Affaire Code Lyoko c/ The Black Eyed Peas : du nouveau pour la prescription de l’action en contrefaçon de droit d’auteur

L’arrêt rendu le 3 Septembre 2025 par la Cour de cassation constitue une avancée majeure en faveur des auteurs dont les œuvres musicales sont particulièrement exposées aux risques de diffusions répétées sur les plateformes. La Haute juridiction consacre en effet le principe d’une application distributive de la prescription : en présence d’actes successifs de contrefaçon de droit d’auteur, chaque nouvel acte (commercialisation, diffusion sur les plateformes…) fait courir un nouveau délai de prescription distinct de 5 ans.

Cass. Civ. 1ère, 3 Septembre 2025, n°23-18.669

A l’origine de cette affaire se trouvent les auteurs, compositeurs et coéditeurs du titre « Un Monde Sans Danger » qui constitue le générique de la célèbre série animée Code Lyoko, et l’adaptateur de sa version anglaise « A World Without Danger ».

Estimant que la mélodie du générique, sur laquelle ils revendiquent des droits d’auteur, avait été reprise par le groupe The Black Eyed Peas au sein du titre « Whenever » sorti en 2010, les auteurs ont mis en demeure le groupe d’avoir à réparer le préjudice subi du fait de cet acte de contrefaçon aux termes d’un courrier en date du 30 Décembre 2011.

Ce n’est pourtant que le 6 Juin 2018 qu’une action judiciaire en contrefaçon de droit d’auteur fut initiée à l’encontre des compositeurs du titre argué de contrefaçon, des producteurs, des sociétés de management ainsi que celles chargées de l’édition et la distribution du titre en France.

Aux termes d’un jugement en date du 9 Juillet 2021, la 3ème Chambre du Tribunal Judiciaire de Paris déclare irrecevables les demandes fondées sur le droit d’auteur en l’absence de justification de l’originalité de l’œuvre musicale revendiquée, et écarte par ailleurs le moyen tiré de la prescription soulevé en défense.

Par un arrêt du 17 Mai 2023, la Cour d’appel de Paris déclare quant à elle l’action en contrefaçon irrecevable car prescrite, rappelant qu’en vertu de l’article 2224 du Code civil, applicable en matière de contrefaçon, l’action se prescrit par 5 ans à compter du jour où le titulaire a connu ou aurait dû connaître les faits lui permettant de l’exercer.

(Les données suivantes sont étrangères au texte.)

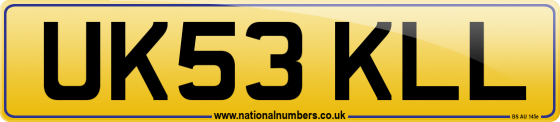 UK53 KLL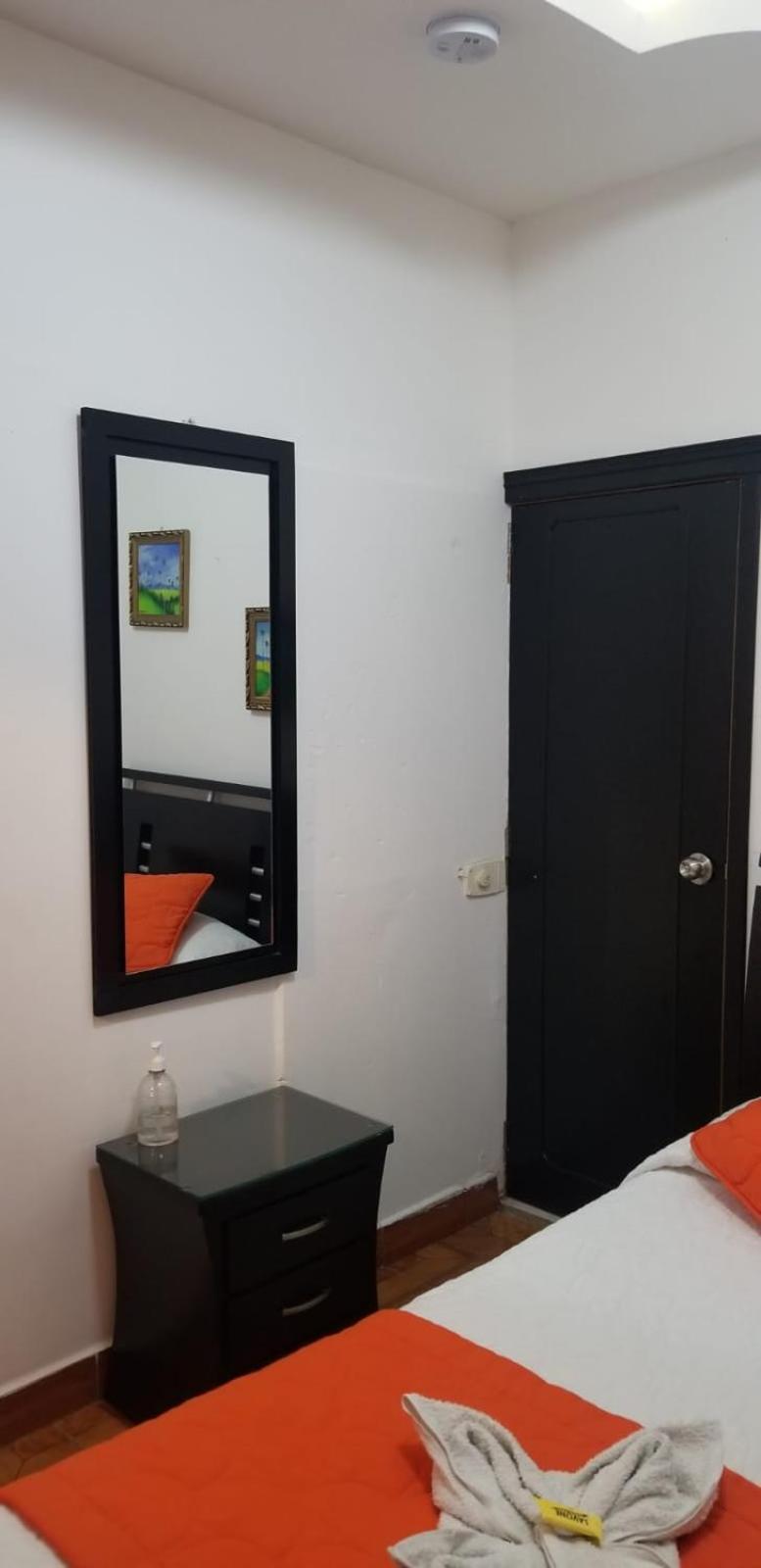 Hospedaje El Buen Descanso Salento Room photo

En l’occurrence, la Cour retient que les demandeurs avaient nécessairement connaissance des faits leur permettant d’exercer l’action en contrefaçon de droit d’auteur depuis le 30 Décembre 2011, puisqu’ils ont adressé à cette date une mise en demeure faisant état de ce que la reprise de la mélodie du générique par le titre Whenever constituait une contrefaçon.

Ainsi, la prescription quinquennale était acquise au jour de l’introduction de l’action en justice le 6 Juin 2018, bien que le titre en litige ait été encore dans le commerce ou disponible sur les plateformes de téléchargement en 2018 : selon la Cour, ces actes de commercialisation et de diffusion n’étaient que « le prolongement normal de la commercialisation et de la diffusion réalisées antérieurement » dont les demandeurs avaient eu incontestablement connaissance le 30 Décembre 2011 au plus tard.

Cette position qui s’inscrit dans la tendance de la jurisprudence antérieure est néanmoins censurée par la Cour de cassation aux termes de son arrêt du 3 Septembre 2025. Selon la Haute juridiction, lorsque la contrefaçon résulte d’une succession d’actes distincts (reproduction, représentation, diffusion), et non « d’un acte unique de cette nature s’étant prolongé dans le temps », la prescription court pour chacun de ces actes à compter du jour où l’auteur a connu un tel acte ou aurait dû en avoir connaissance.

Ainsi, le fait que le titre « Whenever » était toujours dans le commerce et disponible sur les plateformes de téléchargement en Mars et Avril 2018, soit moins de 5 ans avant l’introduction de l’action, ne constituait pas le prolongement des actes de contrefaçon réalisés en 2010 et constatés en Décembre 2011, mais bien des nouveaux actes de diffusion faisant chacun courir un nouveau délai de prescription de 5 ans.  

Cet arrêt marque un renforcement bienvenu de la protection des auteurs face aux exploitations répétées de leurs œuvres, en consacrant une approche distributive de la prescription plus adaptée aux réalités du numérique.

Il reste désormais à la Cour de renvoi de statuer sur la matérialité de la contrefaçon en tant que telle.